EXERCISE DATA -
BEGIN
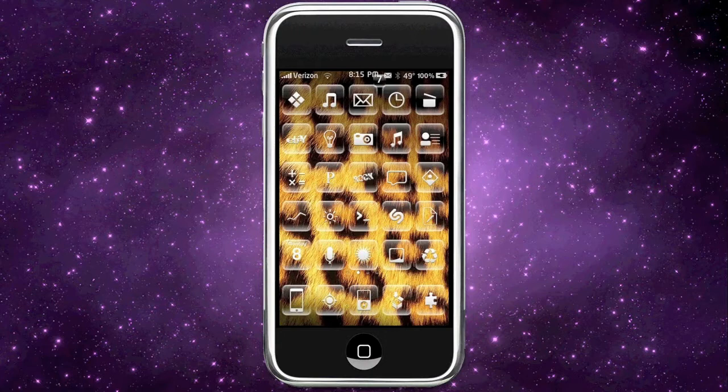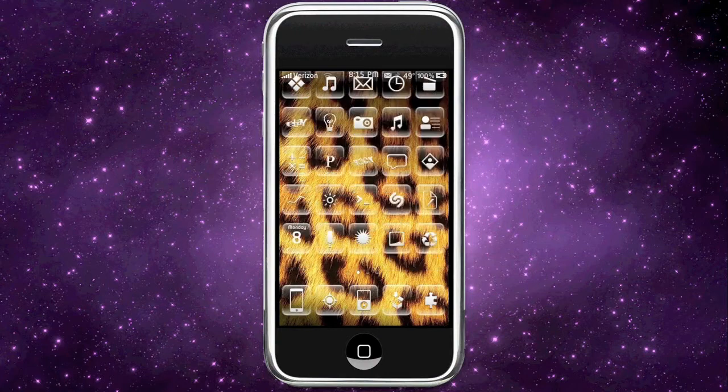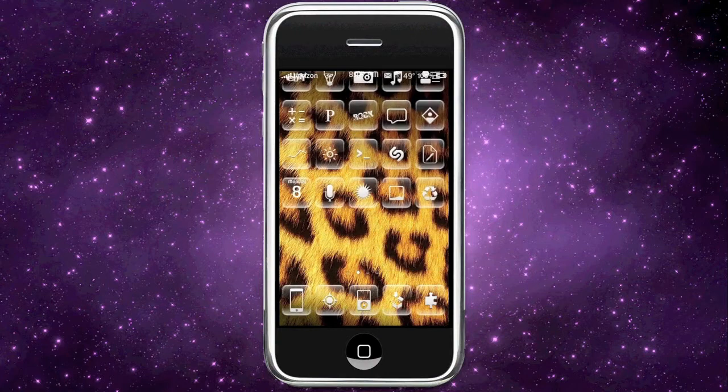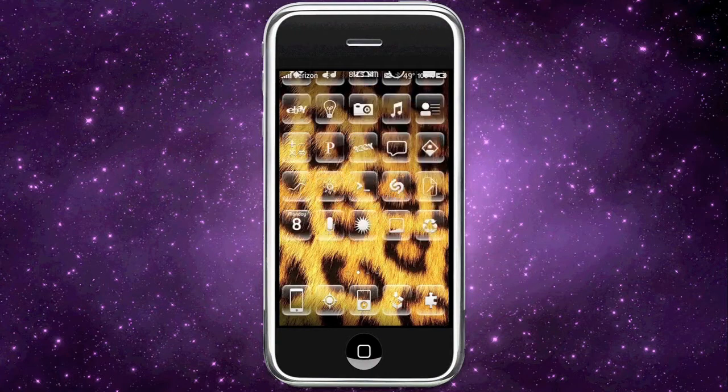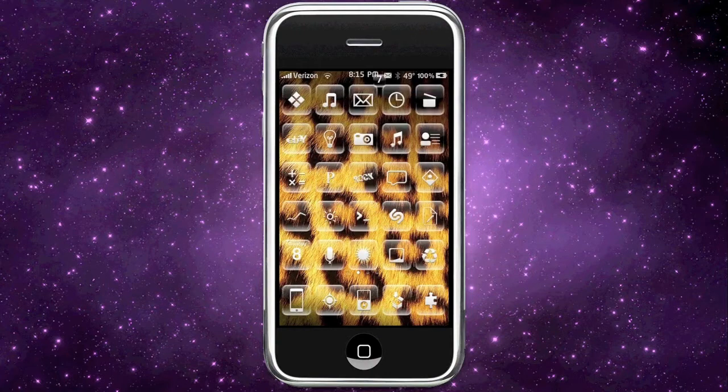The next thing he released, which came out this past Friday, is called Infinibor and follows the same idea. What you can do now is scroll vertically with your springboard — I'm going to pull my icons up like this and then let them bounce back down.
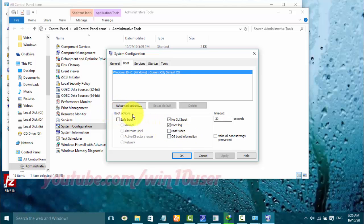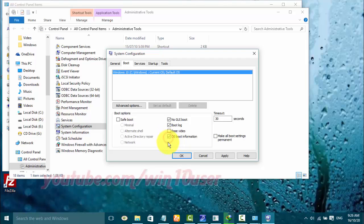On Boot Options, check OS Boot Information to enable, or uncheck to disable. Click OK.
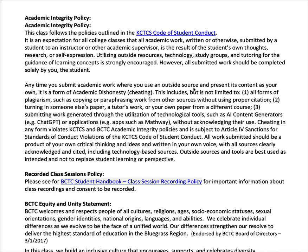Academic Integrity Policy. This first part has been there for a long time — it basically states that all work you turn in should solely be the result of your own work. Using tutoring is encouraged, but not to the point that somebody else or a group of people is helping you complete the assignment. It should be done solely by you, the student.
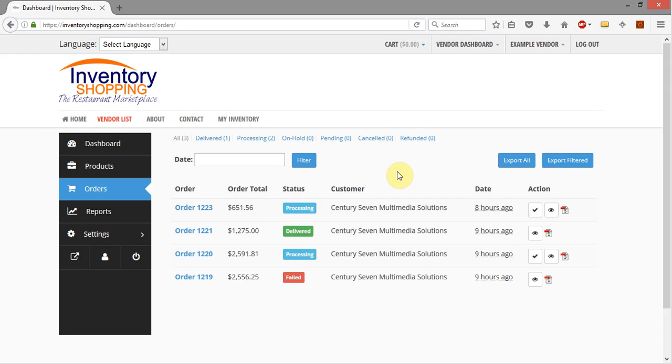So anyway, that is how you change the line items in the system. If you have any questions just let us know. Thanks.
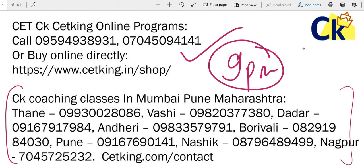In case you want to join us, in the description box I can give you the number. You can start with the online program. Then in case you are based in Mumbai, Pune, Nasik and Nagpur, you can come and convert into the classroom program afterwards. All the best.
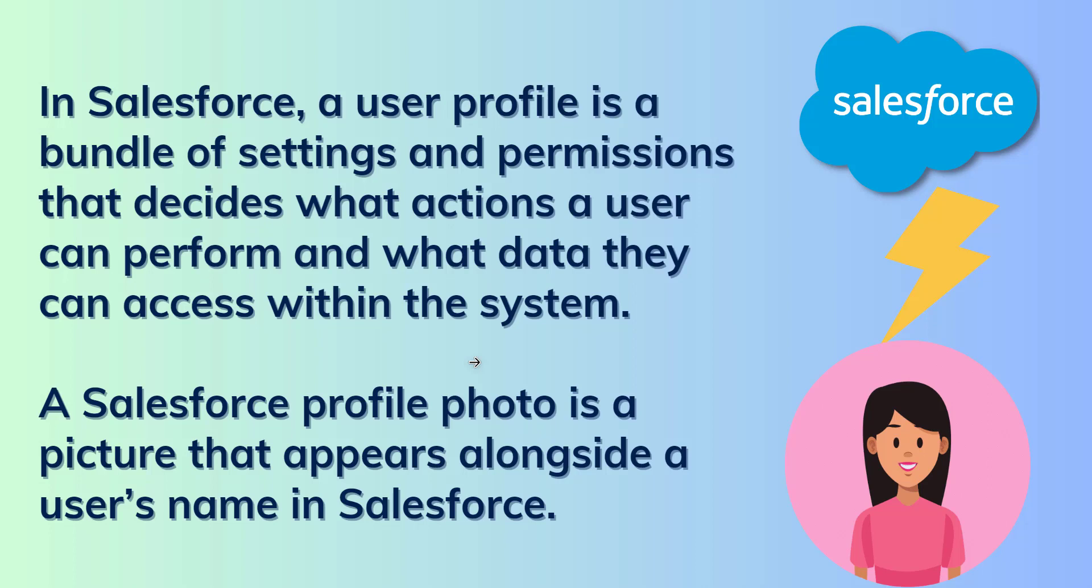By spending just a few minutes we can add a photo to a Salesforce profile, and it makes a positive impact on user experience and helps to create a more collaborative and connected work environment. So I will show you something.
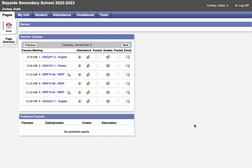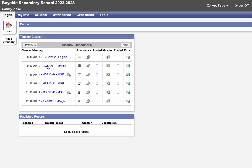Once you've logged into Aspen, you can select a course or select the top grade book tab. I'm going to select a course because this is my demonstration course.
END
WORK INSTRUCTIONS - Transcribe exactly the span of lines from the line holding "In case you want" through the last line above, both included. Pictures stay out.

SOLUTION FOR THIS EXERCISE -
In case you want to join us, in the description box I can give you the number. You can start with the online program. Then in case you are based in Mumbai, Pune, Nasik and Nagpur, you can come and convert into the classroom program afterwards. All the best.
By spending just a few minutes we can add a photo to a Salesforce profile, and it makes a positive impact on user experience and helps to create a more collaborative and connected work environment. So I will show you something.
Once you've logged into Aspen, you can select a course or select the top grade book tab. I'm going to select a course because this is my demonstration course.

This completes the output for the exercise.